Wir dürfen bezweifeln, dass Friedrich II den Brief gelesen hat, aber einen Anstoß gegeben hat das Schreiben doch. Janus handelte vermutlich in der Hoffnung auf diese Weise auch seine persönliche wirtschaftliche Lage verbessern zu können. Er war erfolgreich, wenn auch anders als er es sich vorgestellt hatte. Die zur Beratung dieser Eingabe angesprochene königliche Kommission griff den Gedanken auf und entschied sich für die Gründung eines Seebades. Allerdings erst Jahre später, 1794 in Doberan an der Ostsee und einige Jahre später auf Norderney. Juist musste noch einige Jahrzehnte warten. Aber trotzdem haben die Juister dem Pastor Janus, fast zweihundert Jahre später, ein Denkmal errichtet; nicht in Marmor oder Bronze, sondern in Form einer kleinen Grünanlage die seinen Namen trägt.

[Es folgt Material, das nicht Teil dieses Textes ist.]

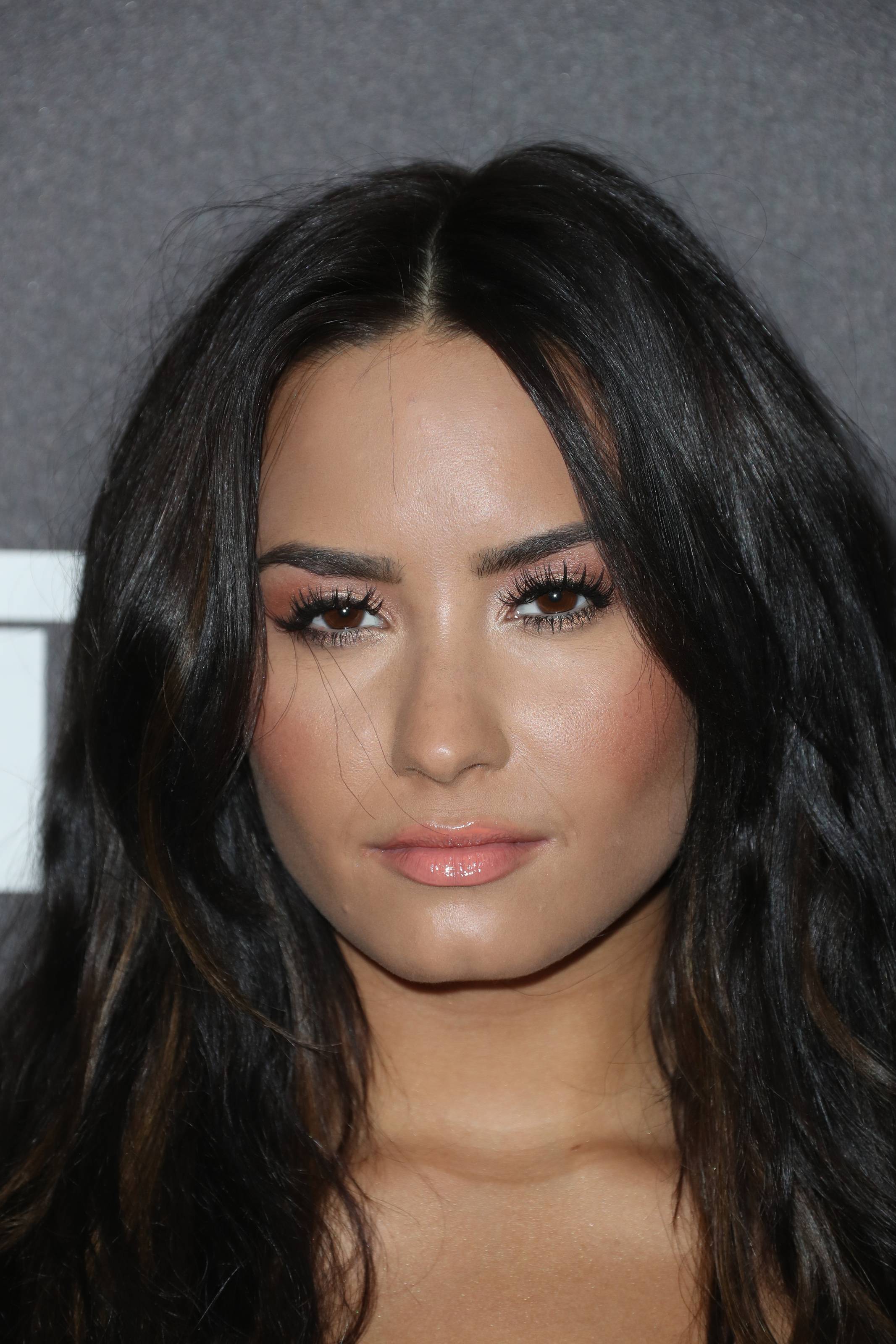 Demi Lovato – Absolutely Gorgeous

Kaum 150 Meter entfernt von der Stelle, an der er die fünfte Inselkirche errichten ließ, findet man den Janus-Platz.

Da ich bereits in einhundert Jahresschritten die von den jeweiligen Zeitgenossen protokollierten und nicht sonderlich schmeichelhaften Aussagen zu den Juistern von 1580 bis 1780 aufgeführt habe, möchte ich mit einem Satz aus einem Ostfrieslandbuch aus dem Jahr 1880 diese Betrachtung abschließen: Auf Juist trifft man ein Inselvölkchen, das treu und bieder, gerade und ehrlich ist und nur von einem Dichter als Korsaren und Strandräuber verunglimpft werden mag. Im Jahr 1880 wurde mein Juister Großvater geboren. Wenn ich davon ausgehe, dass die eben zitierte Aussage die damaligen Verhältnisse weitgehend korrekt wiedergibt, so ist mein Großvater schon in einem zivilisierten Umfeld aufgewachsen. Wir werden darüber noch mehr lesen.